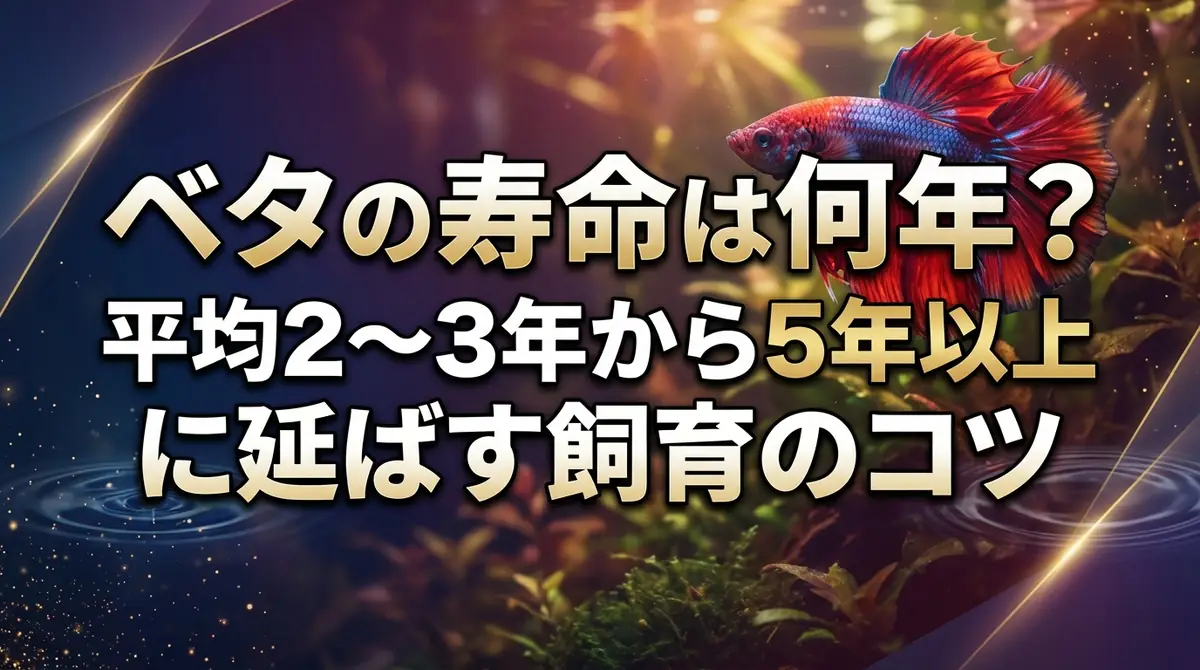 ベタの寿命は何年？平均2〜3年から5年以上に延ばす飼育のコツ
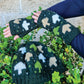 Handmade Knit Beanie Hat Mushroom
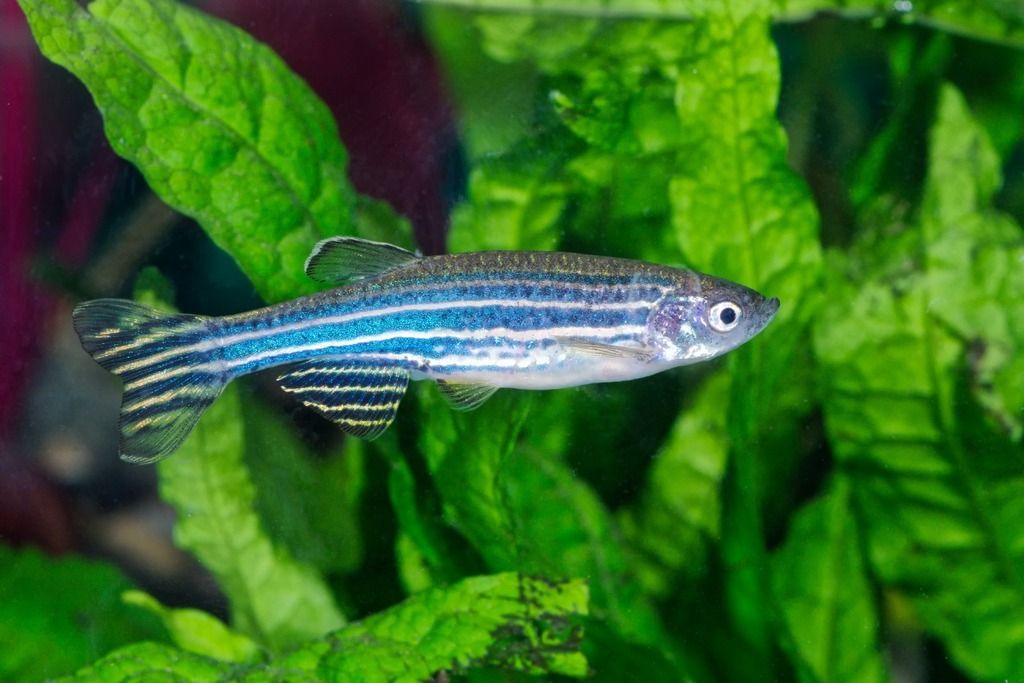 adult zebrafish aquarium green plants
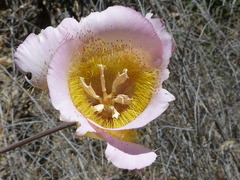 Calochortus plummerae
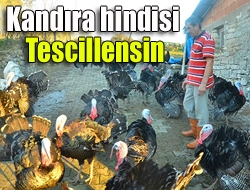 'Kandıra hindisi tescillensin'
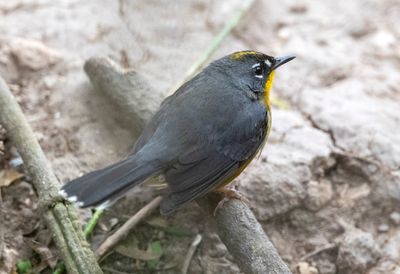 Fan-tailed Warbler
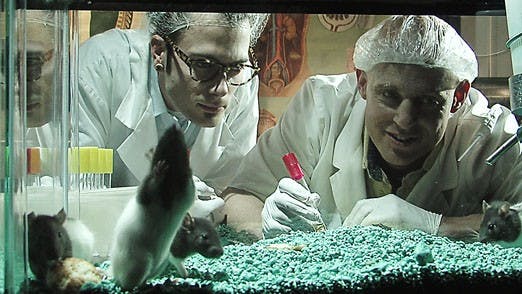 "Horror in the Wind" will play at the Guild Friday through Sunday.  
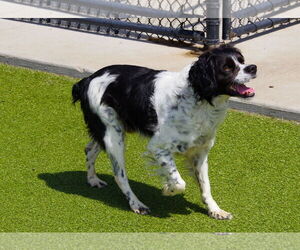 - Mix Dogs for adoption in Curwensville, PA, USA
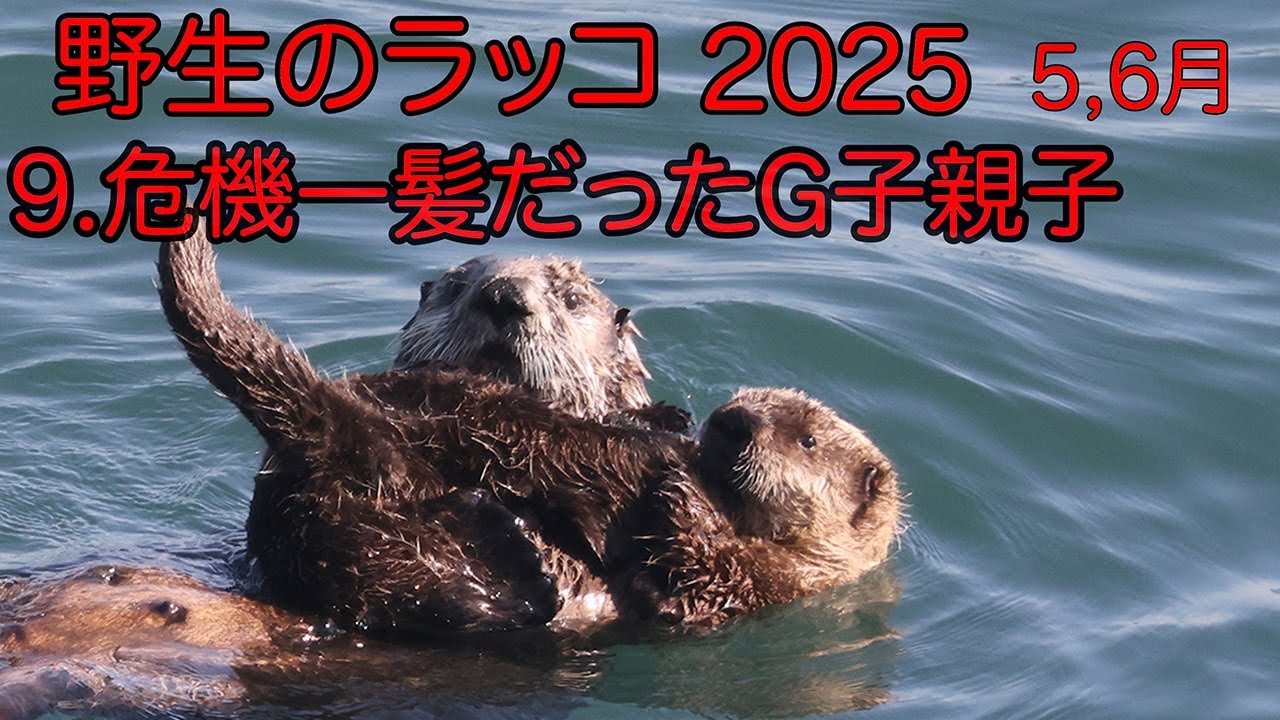 野生のラッコ 2025  9.危機一髪だったG子親子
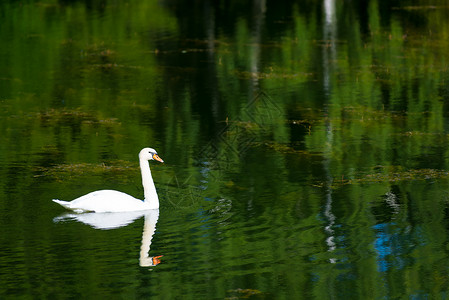 在池塘里漂浮的白色天鹅图片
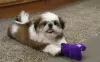 Photo №1. shih tzu - for sale in the city of Hel | Is free | Announcement № 93374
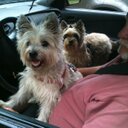 Fran Williams - @flwms1 - Twitter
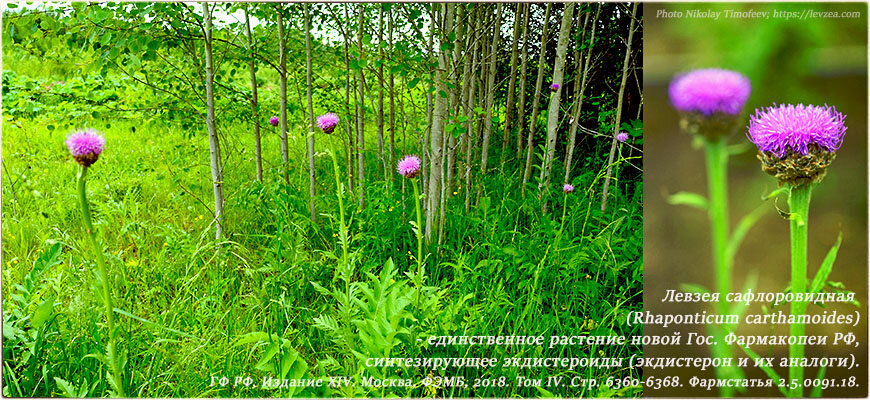 Левзея сафлоровидная Rhaponticum carthamoides - единственное растение новой Государственной фармакопеи Российской Федерации 14 издания, действующего на 2019 год, синтезирующее экдистероиды (экдистерон и их аналоги)
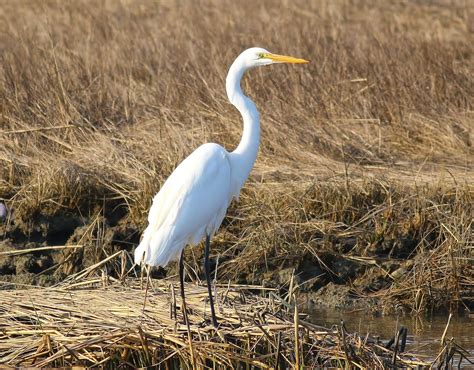 Nature On The Edge Of New York City Big White Birds Return To Ny Harbor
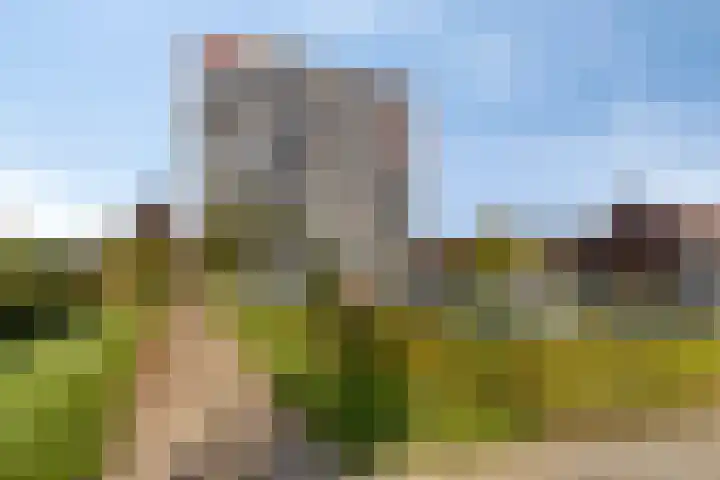 Aalscholversingel 68 Velp thumbnail 5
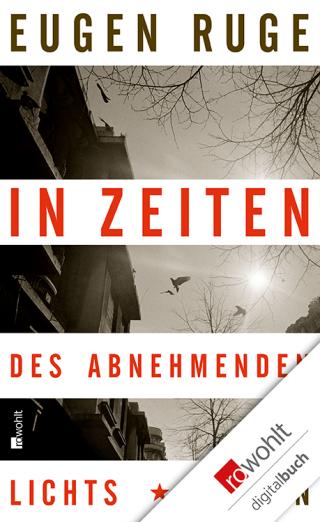 In Zeiten des abnehmenden Lichts - Читать Любимую Русскую Полную Книгу 👉 Read-E-Book.com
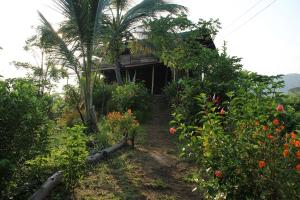 a house with a path leading to a garden at Posada la Ofelia in El Zaino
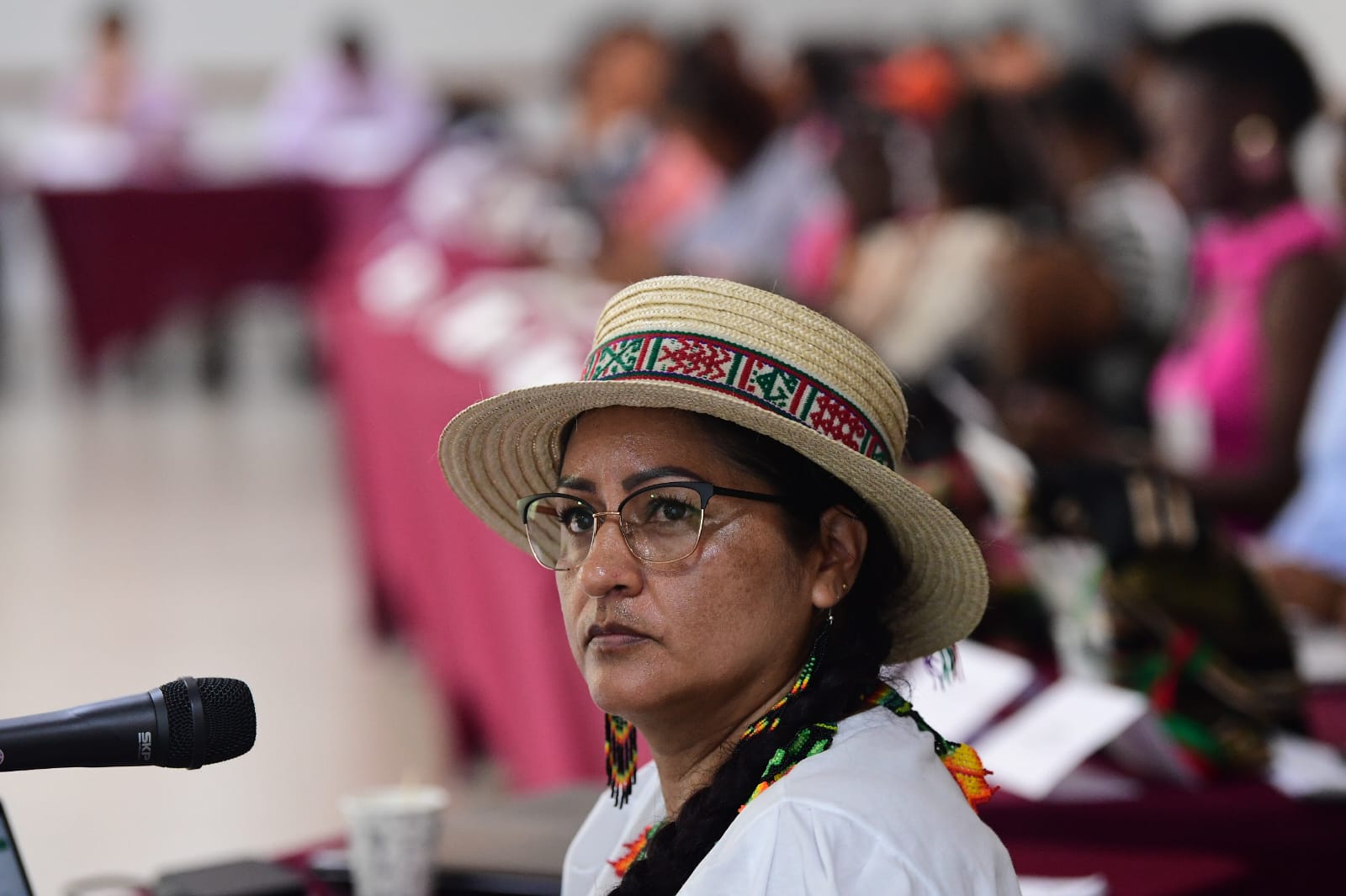 Los pueblos indígenas Awá y Esperara Siapidara participaron del espacio a través de sus autoridades étnicas.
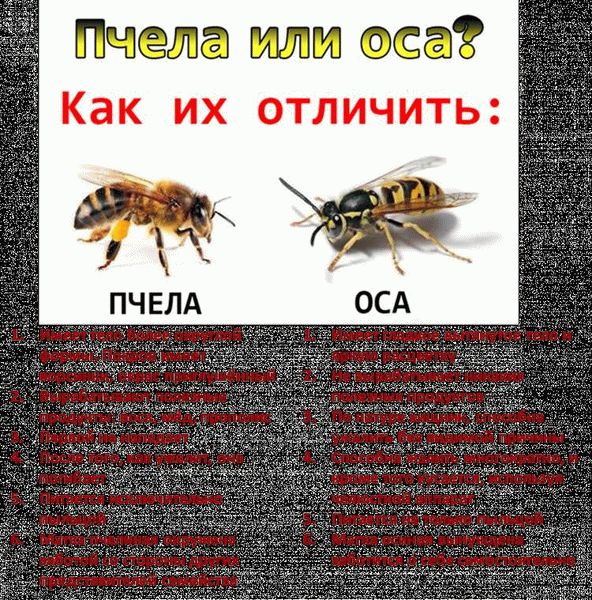 Вред и польза пчел и ос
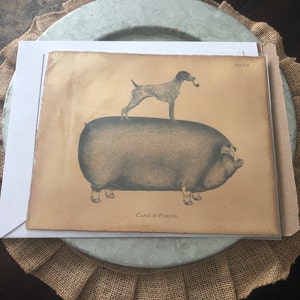 Cat Riding Moose Abyssinian Cat Riding Moose Vintage Collage | Etsy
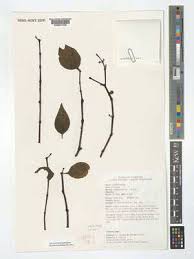 Image result for Scorodophloeus fischeri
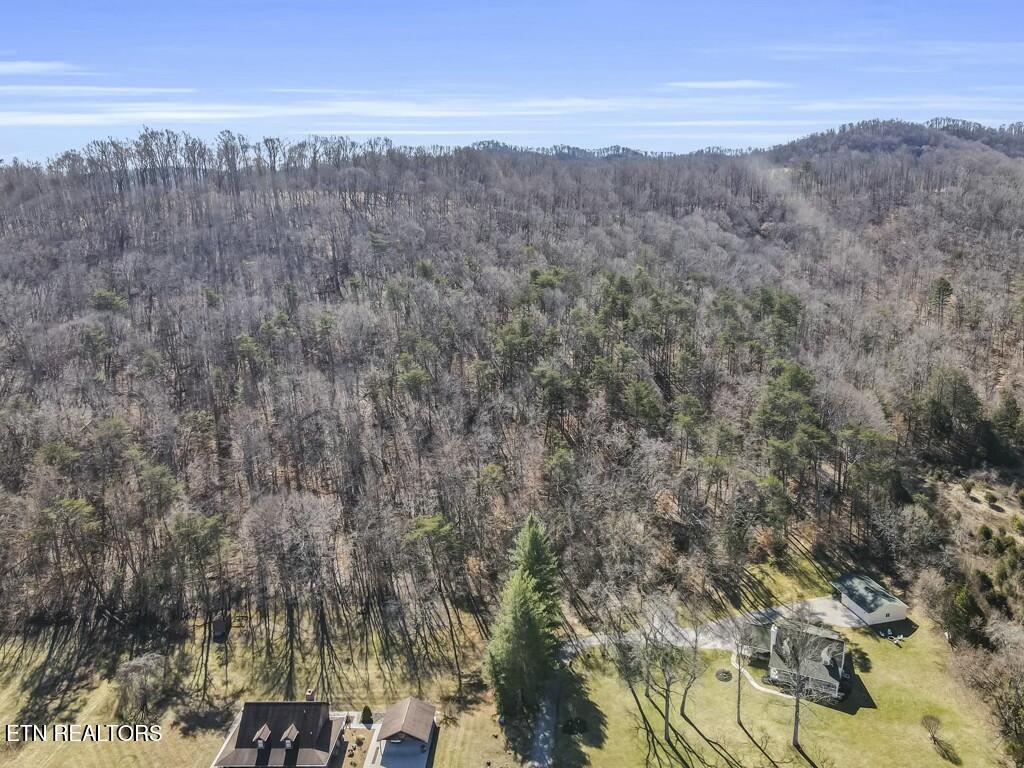 Norris Lake Real Estate - Image# 3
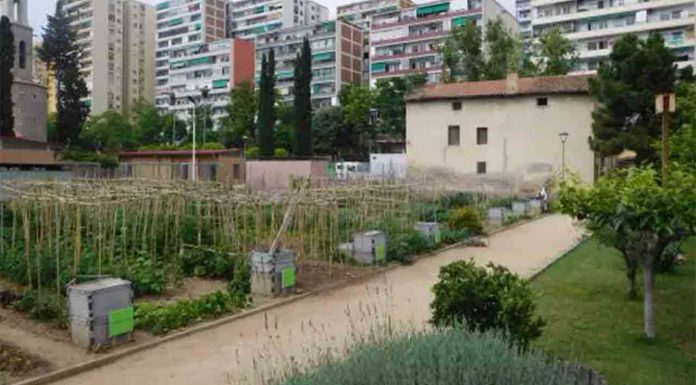 Huerto Urbano Masía Can Cadena: agricultura ecológica y educación ambiental en Sant Martí Huerto Urbano Masía Can Cadena: agricultura ecológica y educación ambiental en Sant Martí
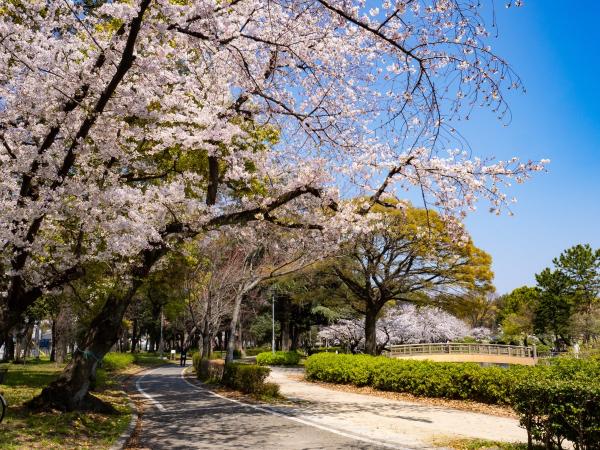 Meijo Park cherry blossoms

- - - - - - -

EXERCISE:
Output only the lines above from the line that holds "Los pueblos indígenas" through the line that holds "Sant Martí Huerto", both ends included, and exclude pictures.

RESPONSE:
 Los pueblos indígenas Awá y Esperara Siapidara participaron del espacio a través de sus autoridades étnicas.
 Вред и польза пчел и ос
 Cat Riding Moose Abyssinian Cat Riding Moose Vintage Collage | Etsy
 Image result for Scorodophloeus fischeri
 Norris Lake Real Estate - Image# 3
 Huerto Urbano Masía Can Cadena: agricultura ecológica y educación ambiental en Sant Martí Huerto Urbano Masía Can Cadena: agricultura ecológica y educación ambiental en Sant Martí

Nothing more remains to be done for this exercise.